Interviene anche Vino Nuovo scrivendo:
... proprio in questi giorni, la cronaca ci mostra come il problema dei ragazzi non sia affatto limitato al Sud, visti i gravissimi episodi verificatisi a Zevio (VR) o a Torino, che significa Nord, eccome Nord. Questo vuol dire che il problema è italiano, globale. Quindi nostro, di tutti e tutti dobbiamo farcene carico, come diceva don Milani.
Perché sarà anche questione di scarso (scarsissimo) senso dello Stato, carenza di supporti, di adeguati finanziamenti, di scelte politiche (anche se gli ingenti fondi della Cassa del Mezzogiorno sono stati "fagocitati", e alla grande, da mafia e 'ndrangheta, ricordo ancora le parole dell'on. Flaminio Piccoli in visita nella sua città, non proprio ieri), ma non si può sempre delegare ad altri, occorre che ciascuno si assuma la propria responsabilità...
Ma dove stanno le famiglie e le comunità?
Si parla spesso di un ruolo dei genitori da recuperare, ma qui talvolta non sembra trattarsi di recupero bensì di una totale rifondazione. Non occorre invocare, come ha detto qualcuno, un coprifuoco per i ragazzi minorenni, è necessario che le famiglie tornino ad essere tali, vale a dire la prima comunità educativa nel senso più autentico del termine.
E cosa c'è di più educativo della testimonianza di mamma e papà? Non è solo la fede ad essere tramandata, ma anche il senso dello Stato, il senso di appartenenza ad una comunità più grande, il senso del bene comune e della legalità, come insegna la dottrina sociale della Chiesa che invita non solo a costruire la città di Dio, ma anche quella degli Uomini...
Si parte dalla famiglia, prima comunità dove s'impara a balbettare la socialità e la fratellanza: regole ben precise, ma anche tanta solidarietà. La famiglia non è chiusa in stessa, fa parte di una comunità più grande, civile ed ecclesiale e l'azione educativa si allarga, e si condivide. I genitori s'impegnano a esplicare il loro ruolo di cittadini e al contempo di membri di una Chiesa, ma accettano che altre persone possano venire in loro aiuto per quanto riguarda la crescita dei figli.
Spesso si parla di "comunità educante", intendendo anche la scuola e tutti coloro che contribuiscono all'educazione, ma forse oggi occorre davvero compiere un passo ulteriore e giungere a quella "alleanza di tipo civile" che viene invocata da più parti, dove ciascuno si sente responsabile in prima persona.
I genitori potranno dire di aver rinunciato ad una gratificazione personale di vario tipo in nome dei figli, magari anche, se non è troppo gravoso per il bilancio familiare, ad un avanzamento di carriera: l'importante è esserci, e non solo fisicamente ("un padre insegnante che trascorre il pomeriggio chiuso nel suo studio non mi ha dato nulla", diceva uno studente alle soglie dell'Esame di Stato).

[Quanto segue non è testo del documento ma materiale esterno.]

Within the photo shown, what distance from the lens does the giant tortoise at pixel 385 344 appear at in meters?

Ma non basta ancora se pensiamo a cosa significa per una comunità parrocchiale avere dei genitori che si mettono a disposizione nel fine-settimana per tenere aperto l'oratorio, la catechesi o l'animazione dei giovani (coppie di genitori, non solo mamme).
O il valore aggiunto della buona volontà delle persone per la vita di un quartiere o una città. E il concetto di casa si allarga poi fino a comprendere la nostra "casa comune", dice Bergoglio, il creato, il mondo intero con tutti i suoi abitanti. Un mondo da abitare come casa nostra, ma se non abitiamo neanche quella come si fa?

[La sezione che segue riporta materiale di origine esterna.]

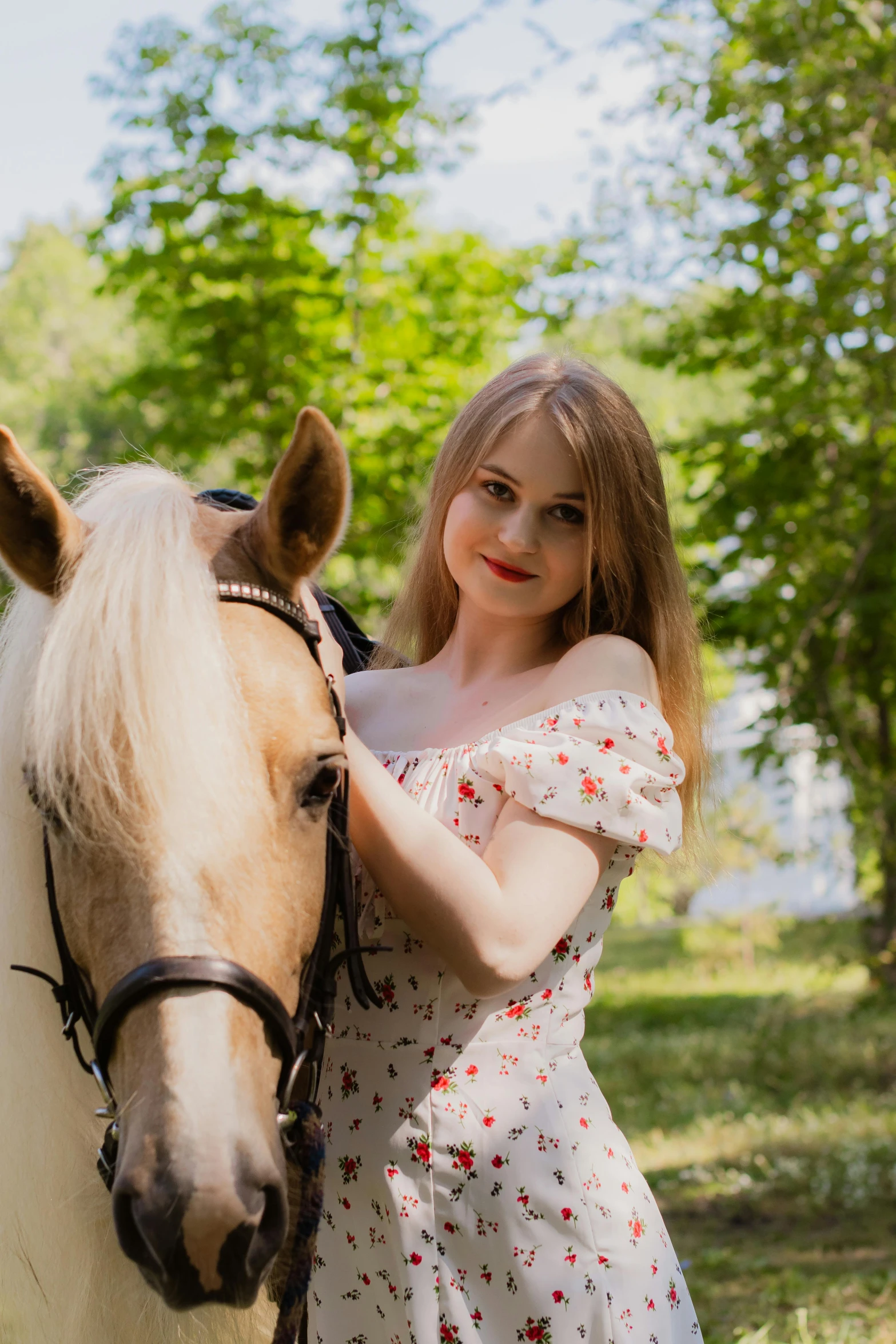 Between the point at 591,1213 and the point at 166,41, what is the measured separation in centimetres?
710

Così di fronte all'attualità del bullismo e dei crimini "per scherzo", ma anche della crisi che attanaglia i nostri giovani come del resto tanti adulti, cominciamo ad allontanare ogni alibi e rimbocchiamoci le maniche. Non è sempre responsabilità di altri (la politica, la Chiesa, il parroco di turno ...), ma innanzitutto "nostra". Non occorre alimentare il numero dei "rancorosi" che ritengono di non aver ricevuto nulla: ma noi che abbiamo dato? Che cosa diamo?
So di aver semplificato alla grande, ma anche un Sinodo sui giovani non potrà risolvere problemi se gli adulti, genitori innanzitutto, resteranno ad aspettare ... che le soluzioni cadano dal cielo, come la neve. Costruire il futuro è un'altra cosa.